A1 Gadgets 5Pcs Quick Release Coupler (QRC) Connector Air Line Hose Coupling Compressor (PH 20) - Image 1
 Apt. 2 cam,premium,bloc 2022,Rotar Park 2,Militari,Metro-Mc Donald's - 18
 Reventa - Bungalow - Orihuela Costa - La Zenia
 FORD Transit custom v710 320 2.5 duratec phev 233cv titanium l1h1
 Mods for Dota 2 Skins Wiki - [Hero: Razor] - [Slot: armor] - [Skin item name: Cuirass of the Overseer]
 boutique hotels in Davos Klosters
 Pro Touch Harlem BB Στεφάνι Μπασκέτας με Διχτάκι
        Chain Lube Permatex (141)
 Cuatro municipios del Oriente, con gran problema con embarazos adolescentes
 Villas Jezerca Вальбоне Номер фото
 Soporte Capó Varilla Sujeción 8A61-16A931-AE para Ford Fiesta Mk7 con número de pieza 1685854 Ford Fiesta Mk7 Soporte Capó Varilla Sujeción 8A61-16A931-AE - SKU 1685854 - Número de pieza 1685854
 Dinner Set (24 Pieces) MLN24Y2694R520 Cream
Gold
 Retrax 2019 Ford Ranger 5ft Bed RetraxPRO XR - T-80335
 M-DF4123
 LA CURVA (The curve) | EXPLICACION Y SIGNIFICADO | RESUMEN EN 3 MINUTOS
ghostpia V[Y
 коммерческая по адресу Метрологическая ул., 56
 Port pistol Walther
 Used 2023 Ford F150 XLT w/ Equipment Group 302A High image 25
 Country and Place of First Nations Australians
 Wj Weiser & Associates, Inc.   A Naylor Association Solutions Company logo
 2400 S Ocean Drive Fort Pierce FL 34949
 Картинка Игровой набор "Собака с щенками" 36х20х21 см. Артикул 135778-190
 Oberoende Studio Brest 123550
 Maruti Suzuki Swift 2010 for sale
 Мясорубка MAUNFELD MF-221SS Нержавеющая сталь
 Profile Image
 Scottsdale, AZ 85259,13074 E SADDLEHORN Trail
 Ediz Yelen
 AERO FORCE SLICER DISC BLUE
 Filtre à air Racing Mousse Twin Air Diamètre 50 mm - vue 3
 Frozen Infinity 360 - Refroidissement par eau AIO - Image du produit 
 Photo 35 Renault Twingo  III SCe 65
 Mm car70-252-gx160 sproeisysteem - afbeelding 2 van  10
◇ ◇ ◇ ◇
**THE TASK:** Beginning at the line that contains "Frozen Infinity 360", reproduce every line down to the last line of the entries above, exactly and only those.

**RESPONSE TO THIS TASK:**
 Frozen Infinity 360 - Refroidissement par eau AIO - Image du produit 
 Photo 35 Renault Twingo  III SCe 65
 Mm car70-252-gx160 sproeisysteem - afbeelding 2 van  10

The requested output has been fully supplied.